On Monday 3rd December, 2012, the Social Democratic & Labour Party and Sinn Fein members of Belfast City Council voted only to fly the union flag over the council halls on 20 designated days during 2013, with support from the Alliance Party. This vote was reached as a result of a compromise brokered by Alliance; the nationalist SDLP and Sinn Fein, who wish to eventually reconcile and reunite Northern Ireland with the Republic, wished to remove the flag altogther, whilst the unionist Democratic and Ulster Unionist Parties wished for it to remain there constantly.

Less than twenty minutes after the motion was passed, the unionist and loyalist protesters outside the building became violent, attacking opposing nationalists and republicans and police officers alike. Since then, the tensions have only escalated, with senior members of loyalist paramilitary forces such as the Ulster Volunteer Force (the paramilitary responsible for the majority of republican fatalities in the time of the Troubles, before the Good Friday Agreements) reportedly stepping in to orchestrate violent protests themselves. Roads have been blockaded, cars burnt out, police attacked with Molotov cocktails and Alliance Party members such as MP Naomi Long have had their houses and offices targeted by vandals.

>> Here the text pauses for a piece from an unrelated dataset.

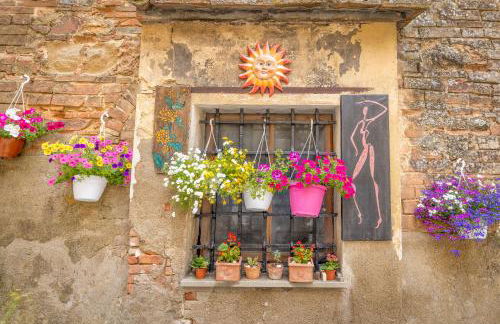 Villa Viola - Foto 43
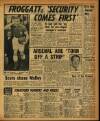 Daily Mirror Saturday 02 November 1957 Page 17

Sectarian violence in Northern Ireland has never completely disappeared; and whilst a quintessential English Brit like myself, with my Westminster privilege and chronic apathy to most everything, cannot for the world see why it’s worth kicking up such a fuss about the situation, to those who have seen the political, geographic and economic conditions of their homes rapidly shift before their eyes in mere decades, the spectre of constant division, reunification, rebellion and disagreement must be a frightening one. Perhaps this explains why an event as seemingly insignificant as the removal of a flag has sparked such tensions.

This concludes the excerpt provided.